(Activity)
Only the lines with the string "preview" are needed; return each of them from the entries below.

Crawled caption data:
_ _ _ _ _
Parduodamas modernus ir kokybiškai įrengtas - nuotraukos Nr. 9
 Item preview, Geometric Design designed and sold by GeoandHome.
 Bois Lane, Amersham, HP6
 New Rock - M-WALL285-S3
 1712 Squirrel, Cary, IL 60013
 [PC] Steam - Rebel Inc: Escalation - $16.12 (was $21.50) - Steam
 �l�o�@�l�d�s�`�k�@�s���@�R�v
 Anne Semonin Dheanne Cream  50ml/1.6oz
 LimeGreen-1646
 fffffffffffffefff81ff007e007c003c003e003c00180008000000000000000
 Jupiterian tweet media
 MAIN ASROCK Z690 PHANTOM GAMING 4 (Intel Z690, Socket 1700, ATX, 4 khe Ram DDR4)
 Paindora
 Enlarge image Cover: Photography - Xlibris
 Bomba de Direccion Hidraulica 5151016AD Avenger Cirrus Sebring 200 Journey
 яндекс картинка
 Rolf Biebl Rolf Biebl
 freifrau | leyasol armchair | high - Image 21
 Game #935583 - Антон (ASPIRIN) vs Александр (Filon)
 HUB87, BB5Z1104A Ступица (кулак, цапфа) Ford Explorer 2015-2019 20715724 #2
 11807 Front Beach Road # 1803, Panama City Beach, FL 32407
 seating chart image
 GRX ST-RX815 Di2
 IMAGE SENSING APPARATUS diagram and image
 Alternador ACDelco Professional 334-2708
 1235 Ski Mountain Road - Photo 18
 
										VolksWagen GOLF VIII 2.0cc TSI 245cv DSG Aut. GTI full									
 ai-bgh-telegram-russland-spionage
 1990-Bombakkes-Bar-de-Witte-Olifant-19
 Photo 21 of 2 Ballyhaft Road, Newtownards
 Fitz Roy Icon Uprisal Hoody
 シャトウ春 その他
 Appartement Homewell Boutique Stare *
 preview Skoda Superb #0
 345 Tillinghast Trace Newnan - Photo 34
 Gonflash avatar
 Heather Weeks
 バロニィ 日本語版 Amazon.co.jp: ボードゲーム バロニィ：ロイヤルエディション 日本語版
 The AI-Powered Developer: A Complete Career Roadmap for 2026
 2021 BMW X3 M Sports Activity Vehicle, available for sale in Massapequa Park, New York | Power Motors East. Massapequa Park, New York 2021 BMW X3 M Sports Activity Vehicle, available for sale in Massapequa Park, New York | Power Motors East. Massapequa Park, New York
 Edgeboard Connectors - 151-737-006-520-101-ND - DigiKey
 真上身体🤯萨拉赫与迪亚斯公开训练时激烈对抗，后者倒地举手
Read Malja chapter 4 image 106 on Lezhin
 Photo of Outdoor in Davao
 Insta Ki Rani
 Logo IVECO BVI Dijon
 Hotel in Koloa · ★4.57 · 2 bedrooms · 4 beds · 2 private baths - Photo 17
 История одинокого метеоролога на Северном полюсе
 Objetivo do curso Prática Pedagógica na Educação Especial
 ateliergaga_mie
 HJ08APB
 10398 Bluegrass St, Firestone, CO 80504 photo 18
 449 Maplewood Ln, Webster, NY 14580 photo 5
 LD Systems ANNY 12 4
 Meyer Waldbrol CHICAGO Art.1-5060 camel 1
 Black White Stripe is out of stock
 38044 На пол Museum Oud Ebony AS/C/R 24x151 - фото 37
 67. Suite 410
_ _ _ _ _
(Finished task)
 Item preview, Geometric Design designed and sold by GeoandHome.
 preview Skoda Superb #0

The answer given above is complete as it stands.